Les odeurs pestilentielles et les images écœurantes des montagnes d’ordures qui envahissent le pays sont la partie visible d’un iceberg qui a toujours été là mais dont on a obstinément essayé d’ignorer l’existence. Cette pourriture était voilée par une fine croûte, qui en atténuait la répugnance. L’écorce s’est finalement craquelée, libérant à la surface des effluves nauséabonds, qui nous ont placés brutalement devant l’implacable vérité que l’on refusait d’admettre. Nous avons toujours vécu sur un tas de détritus.
C’est dans ces moments d’abandon que l’on prend conscience des réalités. La première d’entre elles est que nous sommes dirigés par une bande d’incapables, doublée d’une clique d’affairistes, complice d’un clan de corrupteurs et de corrompus.
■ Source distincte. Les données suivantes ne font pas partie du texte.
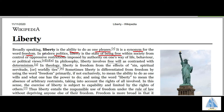Being free from control or oppressive restrictions imposed by authority on one's way of life, behavior, or political views.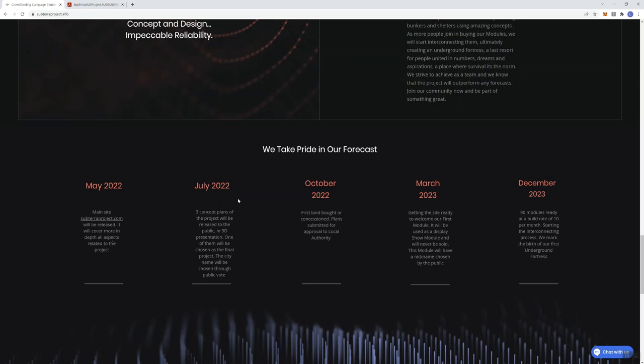Moving into July, three concept plans of the project are going to be released to the public in 3D presentation. One of them is going to be chosen as the final project and the city name will be chosen through a public vote. I think that's pretty cool. October 2022, the first lien is going to be bought through or concession, plans submitted for approval to local authority in March 2023, getting the site ready to welcome our first module.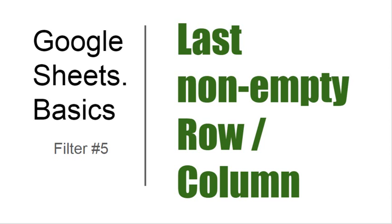Hello. This video is about finding last non-empty row or column with help of the filter function.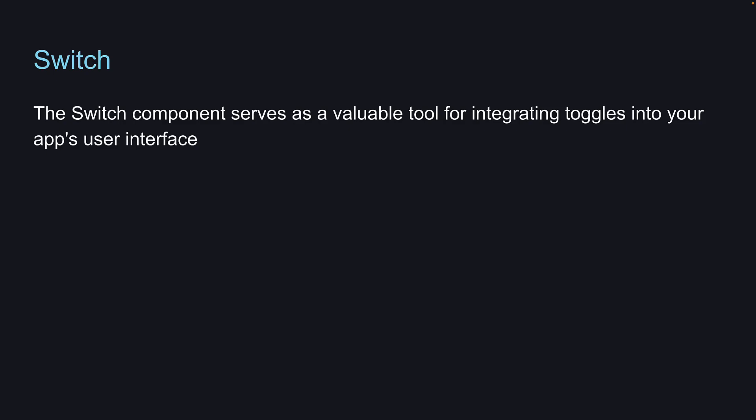In this video, let's explore the Switch component in React Native. The Switch component serves as a valuable tool for integrating toggles into your app's user interface.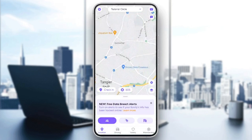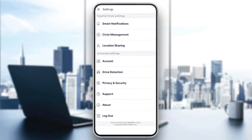So right now, let's say you want to make someone in your circle an admin. All you need to do is go ahead and click on the gear icon in the top left corner of your screen. Once you do that, you're going to find your settings. So here, there is tutorial circle settings and also universal settings. Under tutorial circle settings, you're going to find smart notifications, circle management, and also location sharing.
Le gouvernement savait, depuis des mois, que la crise des déchets était inévitable si aucune solution n’était trouvée. Mais entre ceux qui ne peuvent pas et ceux qui ne veulent pas, le Liban s’est retrouvé, du jour au lendemain, enseveli sous des dizaines de milliers de tonnes d’ordures, dont la puanteur a fini par chasser les quelques irréductibles qui avaient, malgré tout, décidé de passer leurs vacances au Liban.
Notre santé et celle de nos enfants, notre bien-être, notre droit de vivre dans la dignité, celui de respirer l’air pur, sont les otages d’une mafia, cupide et sans scrupule, qui ne recule devant rien, absolument rien, pour protéger et perpétuer des monopoles ou pour y prendre des parts. Cette association de malfaiteurs est une partie intégrante du système politique, qu’elle a noyauté dès la fin de la guerre civile, phagocytant l’Etat et transformant ses institutions en vache laitière. Pas un secteur n’échappe à la voracité de cette mafia qui se partage les profits et fait assumer les pertes au Libanais ordinaire.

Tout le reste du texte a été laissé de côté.